▶ _MATERIAL PROVIDED_
== == ==

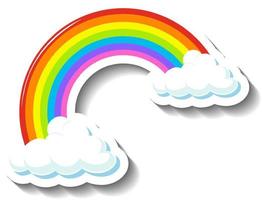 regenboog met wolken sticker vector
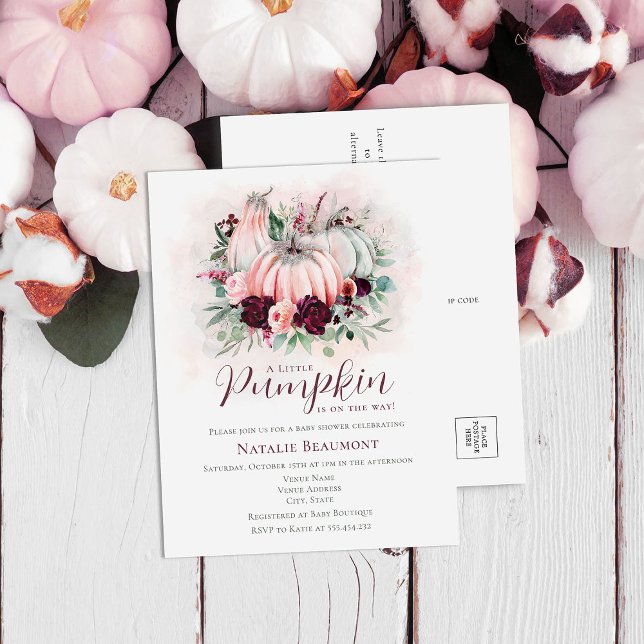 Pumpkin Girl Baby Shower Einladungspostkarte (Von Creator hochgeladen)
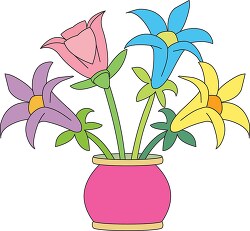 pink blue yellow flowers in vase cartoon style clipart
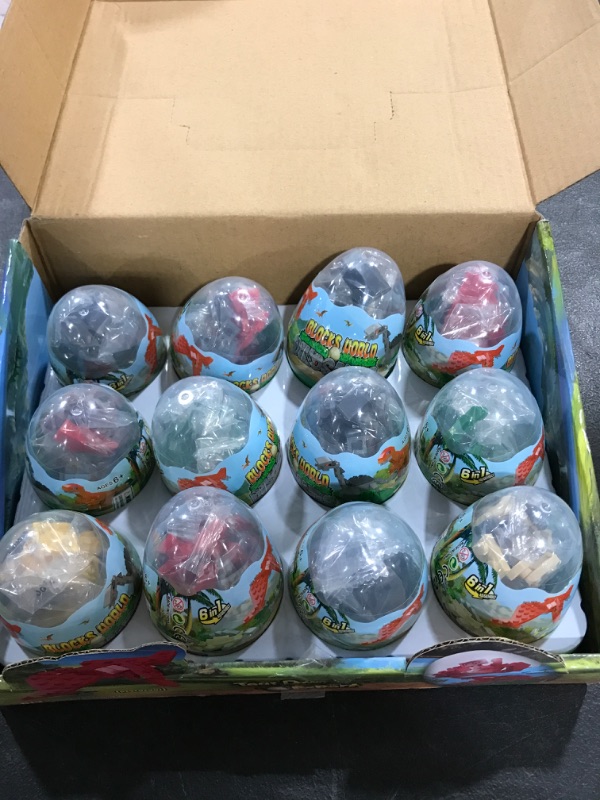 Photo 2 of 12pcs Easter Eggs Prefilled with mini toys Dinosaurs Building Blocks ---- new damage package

== == ==

Lines from the one that contains "pink blue yellow" to the final line of the material are the whole answer. Reproduce them word for word and skip the pictures.

 pink blue yellow flowers in vase cartoon style clipart
 Photo 2 of 12pcs Easter Eggs Prefilled with mini toys Dinosaurs Building Blocks ---- new damage package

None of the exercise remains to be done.